If you feel like you have an extra spring in your step in the middle of your cycle, that too can be chalked up to ovulation. "A lot of women don't really experience mood shifts. They experience more energy and positivity," according to Dr. Le. In fact, a study conducted in Spain revealed that women who were not on birth control — and thus experiencing all-natural, hormonally charged cycles — experienced more positive emotions during ovulation than those who were on some form of contraceptive, reported Health.
Of course, if you're trying to conceive, ovulation can take on a whole new level of significance. "I would say that for women going through fertility, it can be a very hopeful, exciting time: 'Maybe this will be the month,' says Dr. Le.
Yet, if a woman is struggling with infertility, ovulation can also be a stressful time, one that is only amplified by fertility drugs. "If a woman is going through IVF and taking a lot of fertility medications, and she's getting ready for a retrieval or insemination, then there's a potential for way more bloat, much higher level of hormones, maybe feeling more moody or hungry; maybe craving sweets," according to Dr. Le.

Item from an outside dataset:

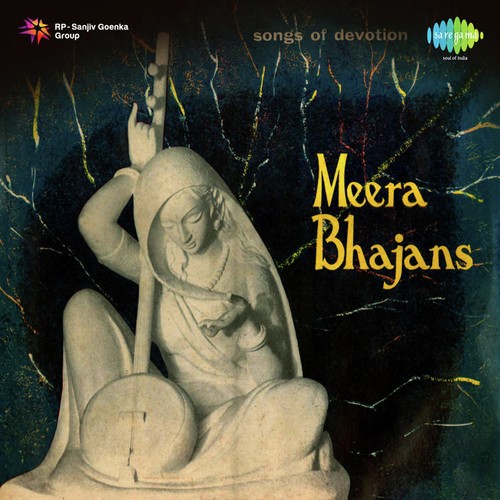 Bhajans Of Meera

Whether you're trying to conceive or not, ovulation symptoms can be disruptive, especially if you find yourself weepy or angsty at inopportune times. If that's the case, Dr. Le recommends meditation. "Emotions are communicating to us. We just don't understand the language because no one teaches us. I teach women. If you can mediate or have a mindfulness practice, or breath work practice, that can be really helpful," says Dr. Le.
Women might also find relief with acupuncture. "Within three months we typically can balance hormones, regulate the Traditional Chinese medical pattern and disharmony that is causing the emotional imbalance. Exercise, massage, and guided meditation to treat anxiety or depression too can help calm women during this time as well," explains Burris.
The most important thing to remember is that we're all different."There are no typical reactions during ovulation," says Burris. Paying attention to how you are feeling mid-cycle, and having what Dr. Le calls "body literacy," is what matters.